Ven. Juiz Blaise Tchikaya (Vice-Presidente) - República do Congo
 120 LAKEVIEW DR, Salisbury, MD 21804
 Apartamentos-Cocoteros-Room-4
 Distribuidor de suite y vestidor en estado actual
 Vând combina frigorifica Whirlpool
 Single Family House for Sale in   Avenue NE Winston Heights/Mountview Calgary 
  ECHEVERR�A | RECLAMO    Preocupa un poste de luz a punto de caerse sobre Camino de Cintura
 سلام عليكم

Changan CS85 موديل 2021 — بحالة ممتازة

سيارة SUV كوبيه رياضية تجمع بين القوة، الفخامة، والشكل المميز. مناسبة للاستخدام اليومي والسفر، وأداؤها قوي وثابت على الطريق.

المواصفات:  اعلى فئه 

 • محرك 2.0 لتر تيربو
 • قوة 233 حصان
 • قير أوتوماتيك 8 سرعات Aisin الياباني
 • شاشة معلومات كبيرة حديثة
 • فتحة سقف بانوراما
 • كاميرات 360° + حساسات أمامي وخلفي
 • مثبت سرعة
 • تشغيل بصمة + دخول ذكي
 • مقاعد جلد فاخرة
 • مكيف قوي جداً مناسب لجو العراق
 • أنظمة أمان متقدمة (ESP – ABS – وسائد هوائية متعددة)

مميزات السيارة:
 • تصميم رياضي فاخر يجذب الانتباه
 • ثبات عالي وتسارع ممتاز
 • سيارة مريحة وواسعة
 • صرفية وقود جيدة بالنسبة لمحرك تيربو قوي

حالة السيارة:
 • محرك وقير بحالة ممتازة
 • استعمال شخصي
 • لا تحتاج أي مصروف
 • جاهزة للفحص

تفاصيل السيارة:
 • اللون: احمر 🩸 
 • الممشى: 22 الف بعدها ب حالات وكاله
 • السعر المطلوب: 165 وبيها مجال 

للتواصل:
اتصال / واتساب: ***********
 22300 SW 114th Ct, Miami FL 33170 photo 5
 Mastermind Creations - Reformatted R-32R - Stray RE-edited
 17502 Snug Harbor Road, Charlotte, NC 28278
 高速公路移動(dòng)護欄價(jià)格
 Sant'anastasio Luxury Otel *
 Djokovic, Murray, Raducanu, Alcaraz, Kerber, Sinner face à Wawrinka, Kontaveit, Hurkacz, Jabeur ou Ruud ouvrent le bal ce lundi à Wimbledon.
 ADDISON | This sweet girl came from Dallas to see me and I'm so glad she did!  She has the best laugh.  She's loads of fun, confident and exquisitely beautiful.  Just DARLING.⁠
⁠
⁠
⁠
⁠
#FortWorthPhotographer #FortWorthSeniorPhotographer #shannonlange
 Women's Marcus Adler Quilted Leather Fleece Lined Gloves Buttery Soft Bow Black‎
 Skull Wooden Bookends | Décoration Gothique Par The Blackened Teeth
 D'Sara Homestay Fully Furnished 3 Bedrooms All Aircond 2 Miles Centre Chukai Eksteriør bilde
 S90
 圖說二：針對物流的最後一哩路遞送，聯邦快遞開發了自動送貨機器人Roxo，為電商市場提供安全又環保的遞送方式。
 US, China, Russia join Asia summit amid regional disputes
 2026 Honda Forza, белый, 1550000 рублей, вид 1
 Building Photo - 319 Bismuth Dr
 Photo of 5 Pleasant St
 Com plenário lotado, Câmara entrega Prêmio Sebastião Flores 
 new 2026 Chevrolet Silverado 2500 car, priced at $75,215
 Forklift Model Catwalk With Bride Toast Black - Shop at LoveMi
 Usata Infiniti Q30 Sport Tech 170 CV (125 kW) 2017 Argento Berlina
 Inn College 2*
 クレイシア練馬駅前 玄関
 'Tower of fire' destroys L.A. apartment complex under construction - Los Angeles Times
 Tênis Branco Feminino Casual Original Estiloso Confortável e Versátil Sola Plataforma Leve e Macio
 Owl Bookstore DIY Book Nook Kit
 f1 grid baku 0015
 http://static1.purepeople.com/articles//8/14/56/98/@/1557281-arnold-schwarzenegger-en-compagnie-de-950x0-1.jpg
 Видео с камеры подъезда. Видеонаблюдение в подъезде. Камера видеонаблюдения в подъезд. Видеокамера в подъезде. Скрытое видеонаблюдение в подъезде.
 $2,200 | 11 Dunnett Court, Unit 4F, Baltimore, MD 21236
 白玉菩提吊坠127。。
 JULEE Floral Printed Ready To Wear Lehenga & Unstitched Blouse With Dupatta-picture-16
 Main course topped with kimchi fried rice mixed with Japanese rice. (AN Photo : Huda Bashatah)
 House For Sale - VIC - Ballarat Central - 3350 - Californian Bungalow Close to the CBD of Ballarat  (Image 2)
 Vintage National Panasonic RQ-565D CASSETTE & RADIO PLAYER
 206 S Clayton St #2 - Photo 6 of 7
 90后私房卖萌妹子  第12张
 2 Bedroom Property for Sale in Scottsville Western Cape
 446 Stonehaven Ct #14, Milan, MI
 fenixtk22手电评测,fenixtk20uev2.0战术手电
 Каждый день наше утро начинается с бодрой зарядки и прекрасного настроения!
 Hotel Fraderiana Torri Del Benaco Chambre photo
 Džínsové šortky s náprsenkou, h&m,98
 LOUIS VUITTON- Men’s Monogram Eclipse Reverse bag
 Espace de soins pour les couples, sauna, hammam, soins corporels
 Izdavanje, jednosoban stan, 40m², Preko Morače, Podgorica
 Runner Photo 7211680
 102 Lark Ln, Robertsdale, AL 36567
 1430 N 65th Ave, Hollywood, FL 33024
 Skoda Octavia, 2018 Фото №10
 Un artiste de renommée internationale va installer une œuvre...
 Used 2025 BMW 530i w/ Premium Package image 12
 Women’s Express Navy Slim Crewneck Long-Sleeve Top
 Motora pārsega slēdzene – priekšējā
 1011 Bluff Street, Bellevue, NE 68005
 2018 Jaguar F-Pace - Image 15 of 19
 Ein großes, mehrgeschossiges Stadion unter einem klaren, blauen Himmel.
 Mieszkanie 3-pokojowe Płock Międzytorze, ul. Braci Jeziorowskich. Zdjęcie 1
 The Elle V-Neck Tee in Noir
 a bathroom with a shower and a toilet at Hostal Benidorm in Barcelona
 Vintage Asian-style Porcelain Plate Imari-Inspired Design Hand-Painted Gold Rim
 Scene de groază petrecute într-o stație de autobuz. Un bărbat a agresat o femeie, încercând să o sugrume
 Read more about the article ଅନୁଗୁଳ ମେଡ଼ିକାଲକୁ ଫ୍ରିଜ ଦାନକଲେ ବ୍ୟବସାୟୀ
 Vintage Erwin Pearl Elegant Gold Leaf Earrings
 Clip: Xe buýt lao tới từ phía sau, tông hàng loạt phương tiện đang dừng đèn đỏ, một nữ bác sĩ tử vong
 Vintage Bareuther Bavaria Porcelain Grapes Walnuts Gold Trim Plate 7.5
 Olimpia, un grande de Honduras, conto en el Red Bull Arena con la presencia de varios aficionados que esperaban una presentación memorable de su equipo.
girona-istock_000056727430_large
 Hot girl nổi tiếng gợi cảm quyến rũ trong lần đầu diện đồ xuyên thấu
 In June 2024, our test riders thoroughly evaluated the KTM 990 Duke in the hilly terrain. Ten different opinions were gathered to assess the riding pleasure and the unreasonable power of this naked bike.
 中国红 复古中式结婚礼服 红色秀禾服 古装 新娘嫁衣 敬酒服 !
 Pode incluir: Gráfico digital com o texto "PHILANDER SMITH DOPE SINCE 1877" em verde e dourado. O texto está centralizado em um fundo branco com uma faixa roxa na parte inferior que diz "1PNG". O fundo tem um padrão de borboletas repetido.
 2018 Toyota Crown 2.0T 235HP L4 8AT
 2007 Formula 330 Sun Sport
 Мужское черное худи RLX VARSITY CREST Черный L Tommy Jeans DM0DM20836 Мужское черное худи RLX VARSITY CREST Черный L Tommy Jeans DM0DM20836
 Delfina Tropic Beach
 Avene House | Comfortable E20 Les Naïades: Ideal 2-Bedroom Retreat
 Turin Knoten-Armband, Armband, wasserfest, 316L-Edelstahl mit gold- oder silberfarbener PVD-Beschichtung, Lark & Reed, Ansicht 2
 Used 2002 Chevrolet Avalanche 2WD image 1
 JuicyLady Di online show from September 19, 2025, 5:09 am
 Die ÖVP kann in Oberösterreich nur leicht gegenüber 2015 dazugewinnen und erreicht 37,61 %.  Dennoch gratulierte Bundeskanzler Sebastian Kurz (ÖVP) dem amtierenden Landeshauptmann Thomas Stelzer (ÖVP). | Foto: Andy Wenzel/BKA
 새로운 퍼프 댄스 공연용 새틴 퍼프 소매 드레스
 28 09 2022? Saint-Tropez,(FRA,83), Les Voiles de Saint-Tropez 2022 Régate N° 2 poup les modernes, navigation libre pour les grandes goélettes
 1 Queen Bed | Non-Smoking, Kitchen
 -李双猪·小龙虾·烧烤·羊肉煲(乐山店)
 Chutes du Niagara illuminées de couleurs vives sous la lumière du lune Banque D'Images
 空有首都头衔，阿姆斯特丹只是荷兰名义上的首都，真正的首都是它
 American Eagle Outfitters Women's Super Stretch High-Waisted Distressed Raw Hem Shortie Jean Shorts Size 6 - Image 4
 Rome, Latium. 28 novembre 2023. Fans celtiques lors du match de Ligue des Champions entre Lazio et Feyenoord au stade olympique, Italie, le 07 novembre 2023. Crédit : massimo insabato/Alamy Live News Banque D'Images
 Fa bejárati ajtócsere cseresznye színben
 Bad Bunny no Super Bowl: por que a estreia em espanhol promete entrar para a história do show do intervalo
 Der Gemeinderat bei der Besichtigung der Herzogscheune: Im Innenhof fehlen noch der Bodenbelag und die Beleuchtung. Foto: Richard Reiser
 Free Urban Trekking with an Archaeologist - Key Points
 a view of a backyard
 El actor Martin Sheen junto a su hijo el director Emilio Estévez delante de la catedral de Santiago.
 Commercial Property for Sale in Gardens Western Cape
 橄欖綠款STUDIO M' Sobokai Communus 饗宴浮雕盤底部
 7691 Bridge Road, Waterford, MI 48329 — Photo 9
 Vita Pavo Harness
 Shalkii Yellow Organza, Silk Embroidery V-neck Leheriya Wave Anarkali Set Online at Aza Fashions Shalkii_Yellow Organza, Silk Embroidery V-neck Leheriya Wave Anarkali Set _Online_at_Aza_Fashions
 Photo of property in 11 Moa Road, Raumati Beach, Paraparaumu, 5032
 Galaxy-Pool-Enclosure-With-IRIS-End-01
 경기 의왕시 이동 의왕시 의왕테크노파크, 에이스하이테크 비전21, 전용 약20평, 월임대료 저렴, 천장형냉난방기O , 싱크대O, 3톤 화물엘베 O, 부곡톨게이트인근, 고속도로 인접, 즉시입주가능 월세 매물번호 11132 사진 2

◇ ◇ ◇ ◇ ◇ ◇ ◇

• **Problem**:
What you should output is every line of the records above, from the first through the line containing "Single Family House", unchanged.

• **Reply to the exercise**:
Ven. Juiz Blaise Tchikaya (Vice-Presidente) - República do Congo
 120 LAKEVIEW DR, Salisbury, MD 21804
 Apartamentos-Cocoteros-Room-4
 Distribuidor de suite y vestidor en estado actual
 Vând combina frigorifica Whirlpool
 Single Family House for Sale in   Avenue NE Winston Heights/Mountview Calgary 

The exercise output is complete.